Admission control imposes constraints on resource usage. Any action that might violate these constraints is not permitted. Actions that might be disallowed include the following examples:

  • Powering on a virtual machine
  • Migrating a virtual machine
  • Increasing the CPU or memory reservation of a virtual machine

Computing the Current Failover Capacity

The total resource requirements for the powered-on virtual machines is comprised of two components, CPU and memory. vSphere HA calculates these values.

  • The CPU component by summing the CPU reservations of the powered-on virtual machines. If you have not specified a CPU reservation for a virtual machine, it is assigned a default value of 32MHz (this value can be changed using the das.vmcpuminmhz advanced option.)
  • The memory component by summing the memory reservation (plus memory overhead) of each powered-on virtual machine.

The total host resources available for virtual machines is calculated by adding the hosts’ CPU and memory resources. These amounts are those contained in the host’s root resource pool, not the total physical resources of the host. Resources being used for virtualization purposes are not included. Only hosts that are connected, not in maintenance mode, and have no vSphere HA errors are considered.
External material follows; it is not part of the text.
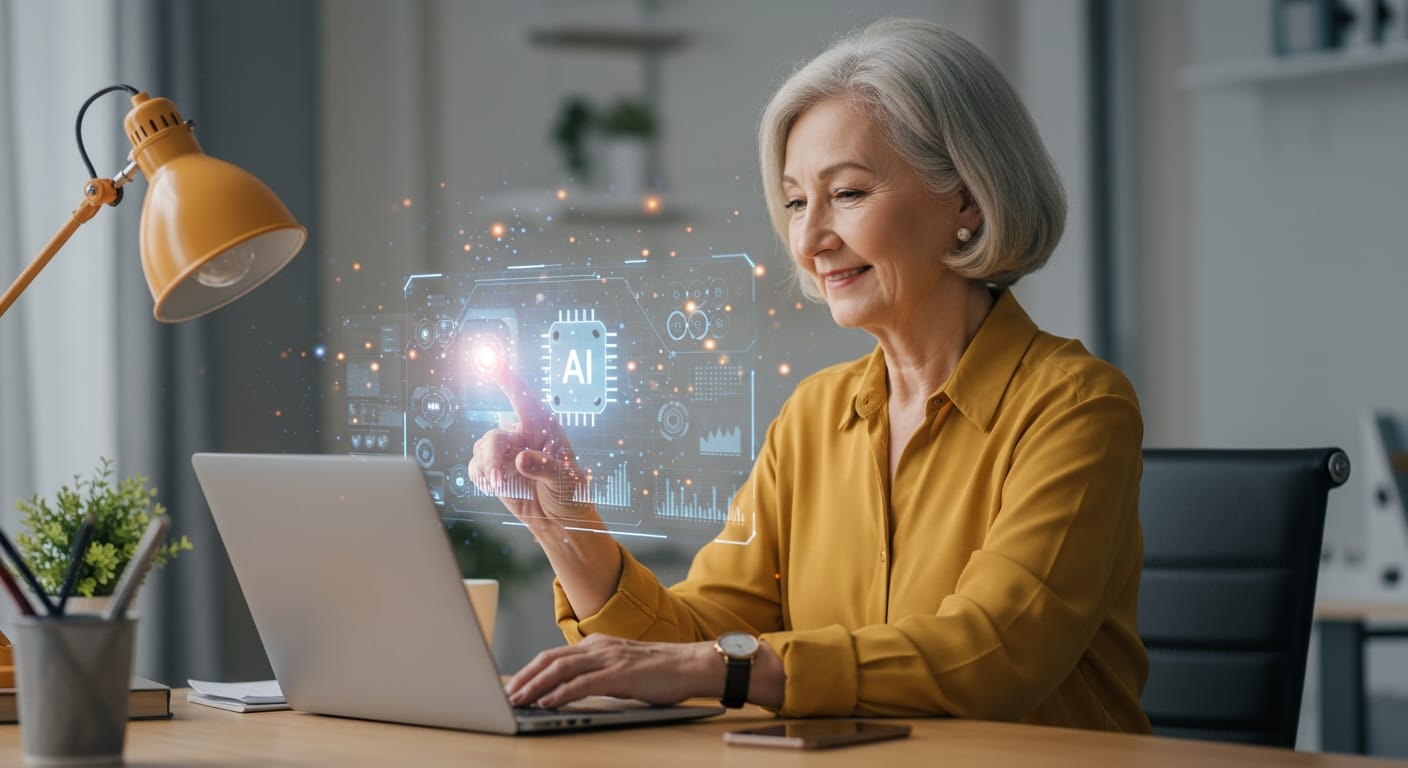 Idade e IA: Por Que Profissionais Experientes Devem Abraçar o Futuro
The Current CPU Failover Capacity is computed by subtracting the total CPU resource requirements from the total host CPU resources and dividing the result by the total host CPU resources.

The Current Memory Failover Capacity is computed by subtracting the total Memory resource requirements from the total host memory resources and dividing the result by the total host Memory resources

Host Failure Cluster Tolerates 

This option allows you to define the number of ESXi hosts tolerate for failures. vSphere HA will automatically calculate a percentage of resources to set by applying the “Percentage of Cluster Resources” (Default option in vSphere 6.5) admission control policy. Resources required for failover capacity is now directly related to the Host failures cluster tolerates option. In the example below, there are 2 ESXi hosts in the cluster and I have configured “Host failures cluster tolerates” value as “1”. HA will then automatically reserve 50% of Memory and 50% of CPU for the failover capacity. If you have a 4-host cluster and FTT=1 then it will calculate a 25% reservation. HA Slot policy used to be the default admission control policy. With vSphere 6.5, the default admission control policy is now “Cluster resource Percentage”.

If you have add or remove ESXi hosts in the cluster, the percentage of failover capacity will be automatically recalculated.

You have the option to Override the failover capacity by the number of host failures cluster tolerates by selecting the Override option and specify % for CPU and Memory.

 

Define host failover capacity by HA Slot Policy

You can also have option to choose “Slot Policy”.  This is the default option prior to vSphere 6.5. Slot Size is defined as the memory and CPU resources that satisfy the reservation requirements for any powered-on virtual machines in the HA cluster. You have 2 options under Slot Policy:

  • Cover All powered-on Virtual Machines

It calculates the slot size based on the maximum CPU/Memory reservation and overhead of all powered-on virtual machines in the cluster but will be skewed by reservations on VMs which is why we have the setting below to override calculations being based on large reservations.

  • Fixed Slot Size

You can explicitly specify the fixed slot size

 

Define host failover capacity by Dedicated Failover Hosts

This option allows you to define a dedicated ESXi host in the cluster as failover hosts for the HA cluster.  That dedicated failover host will not run virtual machines unless vSphere HA needs to recover from a failed host. However this is a waste of a whole host and not generally used unless you have the ability and capacity in your datacenter to keep a spare host aside just in case.

 

VM resource reduction event threshold – Performance Degradation Tolerance

The reserved capacity used by admission control ensures that all configured reservations will continue to be honored after a host failure.  If the reservations are not used in some environments, the performance of the cluster could be impacted.  This new setting called “VM resource reduction event threshold” defines how much of a performance impact is tolerated and will issue a warning if the consumed resources are higher than the reserved resources.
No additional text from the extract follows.